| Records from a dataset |
'''
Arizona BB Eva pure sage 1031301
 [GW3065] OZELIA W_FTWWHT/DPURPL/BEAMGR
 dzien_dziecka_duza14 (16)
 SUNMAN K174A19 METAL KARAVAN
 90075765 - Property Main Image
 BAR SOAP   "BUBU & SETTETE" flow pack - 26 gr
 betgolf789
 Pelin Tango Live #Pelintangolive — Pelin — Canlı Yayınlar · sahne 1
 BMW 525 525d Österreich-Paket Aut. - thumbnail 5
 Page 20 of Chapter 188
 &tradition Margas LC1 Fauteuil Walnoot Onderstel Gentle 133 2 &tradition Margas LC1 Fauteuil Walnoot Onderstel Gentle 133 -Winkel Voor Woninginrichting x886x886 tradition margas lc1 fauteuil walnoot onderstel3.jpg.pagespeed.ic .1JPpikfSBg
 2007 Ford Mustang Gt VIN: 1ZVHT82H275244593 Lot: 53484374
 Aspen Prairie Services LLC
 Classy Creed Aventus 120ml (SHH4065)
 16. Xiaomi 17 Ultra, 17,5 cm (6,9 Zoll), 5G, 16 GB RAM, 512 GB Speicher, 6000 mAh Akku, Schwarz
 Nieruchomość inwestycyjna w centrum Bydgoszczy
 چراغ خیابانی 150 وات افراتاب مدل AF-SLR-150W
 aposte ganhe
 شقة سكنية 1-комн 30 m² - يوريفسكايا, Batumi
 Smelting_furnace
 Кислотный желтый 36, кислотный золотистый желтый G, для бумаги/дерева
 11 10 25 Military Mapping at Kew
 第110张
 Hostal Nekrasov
'''
| PROBLEM DETAILS |
The line containing "Nieruchomość inwestycyjna w" and every line after it, up to and including the last line of the records, should be reproduced exactly, with nothing else.

| PROBLEM SOLUTION |
 Nieruchomość inwestycyjna w centrum Bydgoszczy
 چراغ خیابانی 150 وات افراتاب مدل AF-SLR-150W
 aposte ganhe
 شقة سكنية 1-комн 30 m² - يوريفسكايا, Batumi
 Smelting_furnace
 Кислотный желтый 36, кислотный золотистый желтый G, для бумаги/дерева
 11 10 25 Military Mapping at Kew
 第110张
 Hostal Nekrasov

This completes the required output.